Culinary & Agritourism Success Stories
‘Farm Trail’ on South Coast brings together tourists and farmers
The two basic elements of our economy: supply and demand. Sometimes you have a good product but no demand for it. Sometimes there’s demand, but no product to fulfill it. And sometimes things line up in a special way. This past year, tourism officials on the southern Oregon coast helped facilitate a fortuitous meeting of supply and demand.
A new agritourism program called the Wild Rivers Coast Farm Trail brought unexpected success to a group of local farmers – so much so that more producers are lined up to join the team in 2016.
It started with one of Travel Oregon’s Rural Tourism Studios (RTS), where tourism experts help towns and regions across the state develop innovative and effective ways to promote tourism with a unique local flavor. A South Coast resident attended an RTS meeting in Yachats and came back energized to bring one further down the coast. Stakeholders from Curry County and up north to Bandon arranged a local studio, and the ideas started flying.
“The Rural Tourism Studio gave us high-level ideas,” says Julie Miller, director of the Bandon Chamber of Commerce. “Then we drilled down, and the idea for an Eat Fresh and Local Action Team came up.”
“We have two main things to offer: outdoor recreation, and culinary and agritourism,” says Cathy Boden, Foodshed Program Coordinator for the Curry Watershed Partnership, who leads the Eat Fresh and Local team. “Once we formed the team, we had meetings with local farmers, started brainstorming, and came up with the Farm Trail – it was something we could develop in a short time and be effective.”
The effort started with a series of networking events in different parts of the region, bringing together farmers and other stakeholders. One of the outcomes was the decision to hold an initial “farm-to-table” culinary event to publicize the concept and bring in more participants.
The all-local lunch was held at the former Langlois Cheese Factory, now an event venue. After a tour of four local farms, participants sat down to a meal of food contributed by a variety of local farmers, catered by one of the Farm Trail markets. The lunch was followed by a discussion of how to use Travel Oregon’s resources to increase tourism.
“It was a great way to bring people together,” Miller says. “Not just farmers, but the Port, and economic agencies in the region. It gave us all a chance to meet face to face to talk about resources and ideas, which led to even more people getting involved.”
“Southwestern Oregon Community College (SWOCC) came to offer free small-business support services,” adds Boden. “They helped show how to showcase products in farmers markets and even in local grocery stores.”

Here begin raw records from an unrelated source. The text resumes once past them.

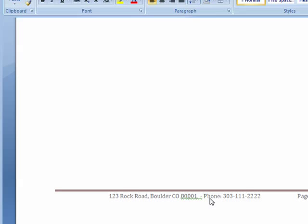So this is a quick and easy way to add a footer to your documents in Word. And that's all there is to it.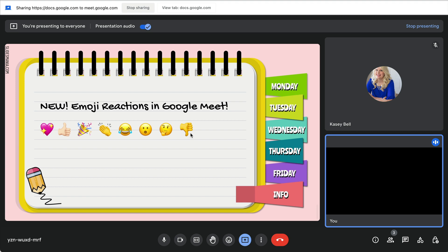But sometimes people have their cameras turned off, like I do now, and you don't always know if they're looking at you or at something else on their screen. So I really appreciate this feature.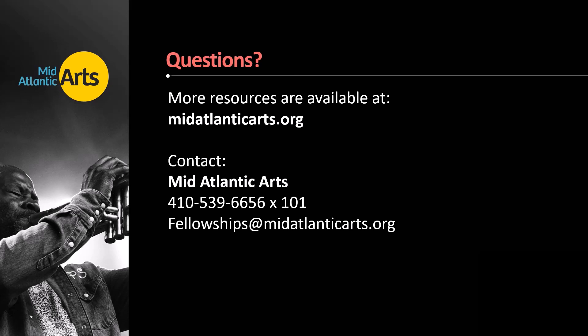We hope this has been a helpful introduction to the SmartSimple Individual Artist Fellowship application. For more application assistance resources, please visit the Mid-Atlantic Arts website. Please also feel free to contact Mid-Atlantic Arts staff for additional assistance. Links and information will be listed in the YouTube description box for this video. Thank you again for your interest and we look forward to receiving your application soon.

From there, Boden started talking with local farmers, working to get them on board. There was some initial skepticism, since nothing like the Farm Trail had been done in the area. But organizers pointed out an example: the Fruit Loop, a heavily promoted and successful consortium of farms in the Hood River Valley that was happy to provide advice on how to make the networking effort succeed.

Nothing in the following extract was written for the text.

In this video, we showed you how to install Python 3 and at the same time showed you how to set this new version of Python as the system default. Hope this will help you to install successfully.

Eventually six farmers and three farmers markets agreed to participate. The Action Team printed up rack cards with a map of the Farm Trail on one side and information about each location on the other, which they placed in visitor centers, and at the participating farms and farmers markets. They also worked with ODOT to get permission to place promotional signs along Highway 101, a major step given strict signage regulations that normally prevent farmers on side roads along the highway from posting any signs.
“The signs and map worked great,” says Miller. “Motorists would pull in to one farm, and see information about the entire trail.”
One of the highlights, Boden says, was when Dennis Bowman of Bowman Bogs, a local cranberry operation that was part of the Farm Trail, opened up his farm during Bandon’s annual Cranberry Festival in the summer – an event that does not coincide with the fall cranberry harvest. Bowman gave tours of his farm, explaining the production cycle and showing off his collection of historic cranberry-farming equipment.
“People visited his bogs before the harvest during the festival, and then came back during the harvest,” Boden says.
Bowman sells cranberry syrup and concentrate on his farm, and during the festival he had some of his biggest sales levels ever. “I made enough in three days to pay my property payment for a month,” he says. “If I could do that once a month I’d be a very happy man.”
Tourist traffic to the trail’s farms and markets was steady throughout the summer, constituting a strong first-year success. And the response of the visitors quelled any skepticism.
“We stumbled upon a demand,” Boden says. “As we talked through the initial ideas, this is what rose to the top, and it was a good one.”
“This was so desired by visitors and locals that it really took off,” Miller agrees. “We had to reprint the rack cards, and when the local newspaper did a story on the trail, they had about 50 locals come into their office asking about it.”
The Farm Trail’s success didn’t go unnoticed in the local agricultural community; three additional farms have already asked to join the program for 2016. Miller and Boden see the potential to expand the trail into the Coquille Valley, which has a strong agricultural presence just to the northeast of Bandon.
They see the Wild Rivers Coast Farm Trail as a beneficial confluence of supply and demand.
“We’re helping our producers sell their food at a stand at their farm, or at a farmers market,” says Miller. “And we’re adding more value for our visitors, with something local, interesting and delicious.”